- Bir mektebin talebesi, hocalarından bıkmışlar, çalışıp çabalamadan usanmışlardı.
- کودکان مکتبی از اوستاد ** رنج دیدند از ملال و اجتهاد
- Ne yapıp yaparak bir iş becermek, bu suretle de muallimi derde düşürmek için birbirleriyle görüşüp danıştılar.
- مشورت کردند در تعویق کار ** تا معلم در فتد در اضطرار
- “Hoca hiç hastalanmıyor ki birkaç günceğiz olsun mektebe gelmesin de rahat kalalım;
- چون نمیآید ورا رنجوریی ** که بگیرد چند روز او دوریی
- Bu hapisten, bu darlıktan, bu çalışıp çabalamadan kurtulalım. Mermer kaya gibi yerinde durup duruyor” dediler. 1525
- تا رهیم از حبس و تنگی و ز کار ** هست او چون سنگ خارا بر قرار
- İçlerinden birisi, en zekileriydi. Bir tedbir düşündü. “Hocam, nasılsın, neden böyle benzin sararmış?

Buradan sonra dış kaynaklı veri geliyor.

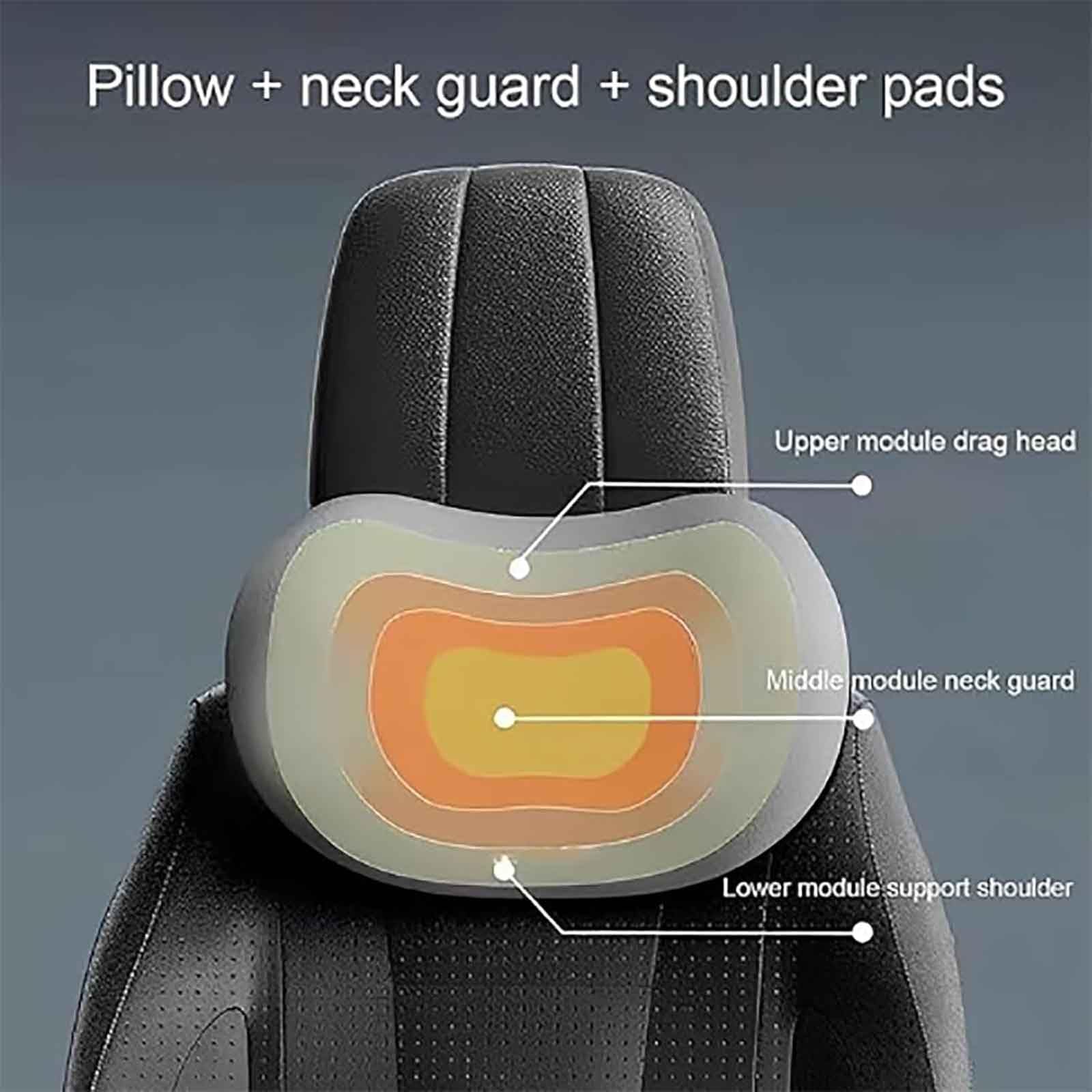 Cojín Reposacabezas Y Soporte Lumbar Coche para Vauxhall Crossland/Grandland X/Insignia, Espuma ViscoeláStica ErgonóMico Cuello Almohada Adjustable Transpirable Accesorios,A/Black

- آن یکی زیرکتر این تدبیر کرد ** که بگوید اوستا چونی تو زرد
- Hayrola, rengin kaçmış senin… Bu ya hava çarpmasından, ya sıtmadan derim.
- خیر باشد رنگ تو بر جای نیست ** این اثر یا از هوا یا از تبیست
- Hoca, elbette bu sözden biraz olsun vehme düşer. Sen de bu çeşit sözlerle bana yardım edersin kardeşim.
- اندکی اندر خیال افتد ازین ** تو برادر هم مدد کن اینچنین
- Mektebin kapısından içeri girer girmez, “ Hayır ola hocam, bu halin ne” dedi.
- چون درآیی از در مکتب بگو ** خیر باشد اوستا احوال تو
- Vehmi biraz daha artar, akıllı adam bile vehimle delirir gider. 1530
- آن خیالش اندکی افزون شود ** کز خیالی عاقلی مجنون شود
- Üçüncü, dördüncü, beşinci olarak gelenler de bizden sonra bu çeşit sözler söyler, açıklanırlar.